TUPPER LAKE - The days of students lugging backpacks filled with textbooks and binders might soon come to an end.
North Country teachers and school administrators learned about how to plug into technology during last Friday's "Wired for Learning" seminar at The Wild Center nature museum.
About 125 people attended the event, which was co-sponsored by The Wild Center, Franklin-Essex-Hamilton BOCES, AdkAction.org and Adirondack Community Trust.
David Wolff, broadband committee chair of AdkAction.org, introduces a four-person panel during Friday’s “Wired for Learning” seminar at The Wild Center. The panel included, from left, Laura Eldred, a teacher at Keene Central School and Olaf Carlson, a teacher at Lake Placid High School.
(Enterprise photo — Shaun Kittle)
Keynote speaker Alan November, an international leader in education technology, talked throughout the morning on ways students and educators can connect using modern technology. The event came at a time when schools across the country have begun rethinking how to teach students after New York put the new national Common Core standards into effect last school year.
"It's not just Common Core," November told the Enterprise. "There are places all around the world that are trying to figure out how to improve learning. Learning is the number-one investment, I think, to grow the economy, and lots of countries want to grow their economy. It's not so much about technology; it's about information."
November stressed that technology is just a vehicle for what schools are trying to achieve.Technology isn't always easy to come by in the wake of annual school budget cuts, though. That's why November said his talk focused on free applications, websites and information-gathering techniques educators can implement.
"The technology piece can be hard to deal with because there's a lot of hurdles to that," said Chris Morris, communications director with Adirondack Community Trust. "Funding, getting it into the classroom, that sort of thing. (The seminar is) a way to empower teachers to take advantage of what exists and plug them into what other teachers are doing. It builds a community that's not hampered geographically."
Tupper Lake School District Superintendent Seth McGowan attended the event and said his district has found ways to purchase computers.
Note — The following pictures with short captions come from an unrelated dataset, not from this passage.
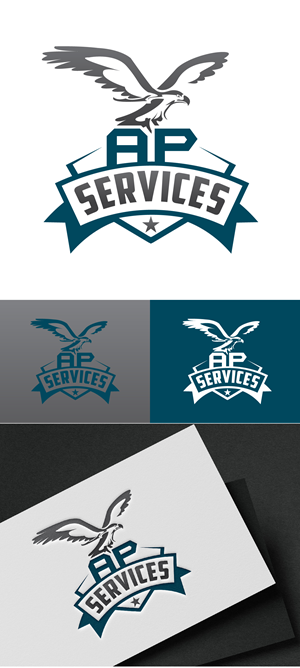 Logo Design by DesignLima for this project | Design: #29961102
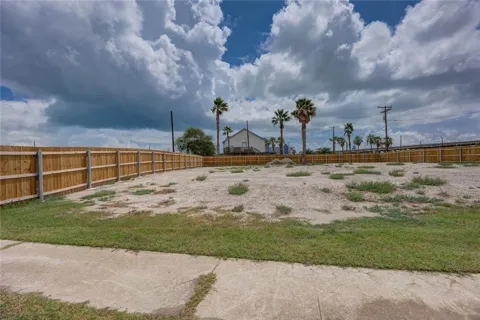 Plum St Boulevard #LOT 4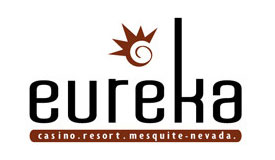 Eureka Casino Resort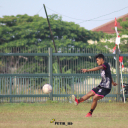 Muhammad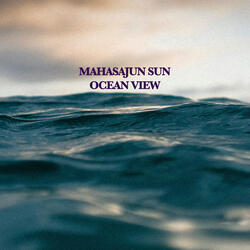 Ocean View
"We have a lot of technology, we keep it refreshed, but we do it over a three-year purchasing cycle, so that each year we get state aid back on the previous year that allows us to refresh again," McGowan said. "We do an installment purchase over the course of three or four years through our BOCES so we get aid back on it. That aid coming back virtually pays for the expense itself on all of the principal payments."
McGowan said his district now has about one computer for every four students. He said technology is a necessary part of the curriculum.
"It would be like saying we're not going to provide the kids with reading anymore," McGowan said. "Technology is not a device; it's a skill."
After November led the audience through two workshops, David Wolff, broadband committee chair of AdkAction.org, introduced a four-person panel: Olaf Carlson, a teacher at Lake Placid High School; Laura Eldred, a teacher at Keene Central School; Peter Edwards, computer coordinator at Colton-Pierrepont School; and Megan Leger, a global studies teacher at Colton-Pierrepont School.
Edwards started the discussion by assuring everyone that "the main point in this is that technology isn't going away."
Panel members then discussed various challenges they faced when implementing a technology-based approach to education.
"My world is completely digital," Leger said. "Everything is Google Drive, Google oriented. You learn a new language. It's not, 'open your binders, please.' It's, 'open your laptops, and open the new document I sent to you, and make a copy of it.'"
Carlson said small steps are essential in getting students and teachers to use technology for education.
"What we're really trying to do is retrain them (the students) to use it for the educational purpose," Carlson said. "You're here to record a video; you're here to record a sound, not take pictures of your friends or do the photo booth. I specifically said to mine, 'If I see you out there taking pictures, I'm going to take points off.' I just try to keep them focused on where I want them to be."
Panel members said teachers can use a Google application called Teacher Dashboard which enables teachers to see what students are doing on their computers. If a student is spending more time on YouTube than on an assignment, the teacher can message the individual to get back on task. It also gives instructors the power to close tabs on their student's computers.
The panel agreed that getting some teachers up to speed with technology can be a challenge and added that students can help since they've grown up with the technology.
Eldred teaches home economics, health and computer applications for third- through twelfth-graders at Keene Central School. She said she hasn't used a textbook in four years.
"The school has about 160 students and about 100 computers," Eldred said. "We are trying to get one for every student."
The school provides an academic computer lab from 3 to 4 p.m. during the week, but that doesn't fit into every student's schedule.
"For students it's about talking and communicating, and telling your teachers that you're not able to get it done," Eldred said. "The teachers have to have understanding. I think we have to teach person-to-person communication skills again. They need to know that it's still important to have those skills."